For example, recent studies have reported that circAXIN1 is highly expressed in gastric cancer tissues compared to paired adjacent normal gastric tissues. Moreover, elevated circAXIN1 levels correlate with deeper tumor invasion and lymph node metastasis, suggesting that it may serve as a candidate prognostic biomarker, pending further validation. In addition, circAXIN1 encodes a 295-amino-acid protein, AXIN1-295aa, which appears to activate the Wnt signaling pathway (see Figure 2), thereby promoting tumorigenesis and the progression of gastric cancer [42]. Mechanistically, AXIN1-295aa harbors a regulator of G-protein signaling (RGS) domain that enables it to interact with a 25-amino-acid SAMP motif from APC. As a result, AXIN1-295aa competes with AXIN1 for binding to APC, disrupting the recruitment of key components of the β-catenin destruction complex, including APC and GSK3β. This interference prevents AXIN1, CK1α, and GSK3β from forming a destruction complex, which is essential for β-catenin phosphorylation and subsequent proteasomal degradation. Consequently, β-catenin accumulates in the cytoplasm and translocates into the nucleus, where it activates downstream Wnt target genes that drive gastric cancer cell proliferation and migration. Given the central role of dysregulated Wnt signaling in oncogenesis [32,33,34,37,38], the ability of AXIN1-295aa to disrupt β-catenin turnover and sustain pathway activation suggests that it may significantly contribute to tumorigenesis and disease progression in gastric cancer.

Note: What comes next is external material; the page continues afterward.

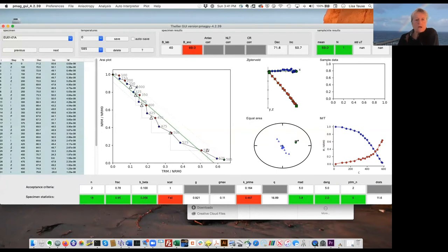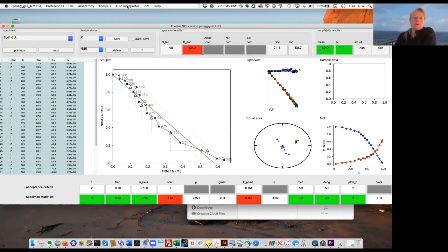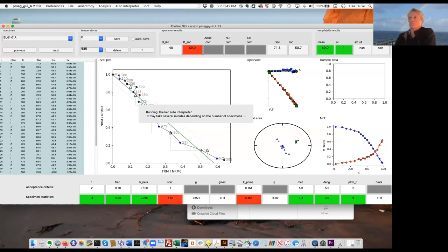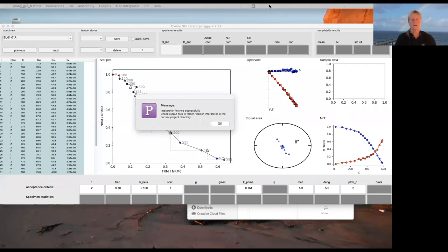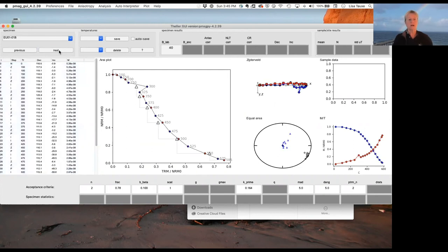The blue colored dots are the in-field first steps and the red colored dots are the zero field first steps. You can see it alternating, zigzagging all the way down — so this is not a great result. But we can do that automatically by running the Tellier auto interpreter. After running the auto interpreter, we get the message that the interpreter finished successfully. We already knew this was not a good result, and the auto interpreter didn't find any specimens that passed.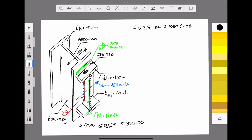Before starting the practical example, let's make a brief description of the problem to be solved. We have a rigid connection between an HEB200 as a column and a beam with steel shape IPE330. Both shapes are in accordance with European standards, and both elements are defined as steel grade S355. The dimensions for the web thickness and flange thickness are indicated in the sketch.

Recent studies have also shown that higher levels of circ0006646 expression are correlated with advanced TNM stage and lymph node invasion, with Kaplan–Meier analysis indicating an association between elevated circ0006646 levels and shorter overall survival in gastric cancer patients. In addition, circHECTD1 influences the aggressiveness of gastric cancer by modulating glutaminolysis, potentially affecting key enzymes and metabolite levels in tumor cells [38]. Furthermore, circ0091741 has been implicated in enhancing cell migration and invasion through its interaction with miR-330-3p, which appears to increase TRIM14 expression, potentially stabilizing DVL2 and activating the Wnt/β-catenin pathway, although the precise impact of this regulatory axis remains to be fully elucidated.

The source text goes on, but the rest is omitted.